Farmers have a long list of grievances and have taken to the streets across Europe, clogging roads including in Brussels where EU institutions are based.
Protests continued on Tuesday in Spain, where farmers in the northeastern Catalonia region gathered near the French border. Meanwhile, thousands of Polish farmers demonstrated against the Green Deal and other gripes in Warsaw.
They lament what they say are excessively restrictive environmental rules, competition from cheap imports from outside the European Union and low incomes.
Heeding their call for less red tape and bureaucracy, the conservative European People's Party (EPP) said at the start of parliament's session in Strasbourg that it would not approve the law, putting the future of the legislation in jeopardy.
Those attempts were in vain as the text passed with the support of 329 lawmakers while 275 voted against. It will enter into force after formal adoption by EU states.
"Today is an important day for Europe, as we move from protecting and conserving nature to restoring it," said Cesar Luena, the lawmaker who spearheaded the legislation through parliament.
"The new law will also help us to fulfil many of our international environmental commitments.
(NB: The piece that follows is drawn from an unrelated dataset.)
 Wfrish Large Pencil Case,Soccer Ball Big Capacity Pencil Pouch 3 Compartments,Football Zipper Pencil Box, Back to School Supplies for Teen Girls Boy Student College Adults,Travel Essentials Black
The regulation will restore degraded ecosystems while respecting the agricultural sector by giving flexibility to member states," he added.
Before the vote, EPP chief Manfred Weber said the law had been "badly drafted".
"The EPP group is fully committed to climate change and also to the biodiversity goals, also agreed on an international level, but this law is not delivering on these issues," he told journalists in Strasbourg.
Liberal and socialist lawmakers as well as green activists hailed the move.
"The Nature Restoration Law has always been so much more than a law to bring back nature. It is a symbol that Europe can, and will, commit to fighting for the survival of our planet," the #RestoreNature coalition, consisting of BirdLife Europe, ClientEarth, EEB and WWF EU, said in a statement.
Pascal Canfin, the French MEP who heads the parliament's environment committee, thanked the EPP lawmakers who voted for the text.
"If we have won the battle for the law on nature restoration, it is because part of the European right was able to resist allying with the anti-ecological populism of the far-right, against multiple false and misleading attacks on this text," he said.
He said the law was committed to reversing the trend of nature's regression in Europe.
Not everyone was happy. Right-wing ECR MEP Bert-Jan Ruissen, who voted against the bill, described its approval as "very unfortunate".
"The consequences will be enormous. Nature conservation will become more important than food security, housing needs or road safety," he warned.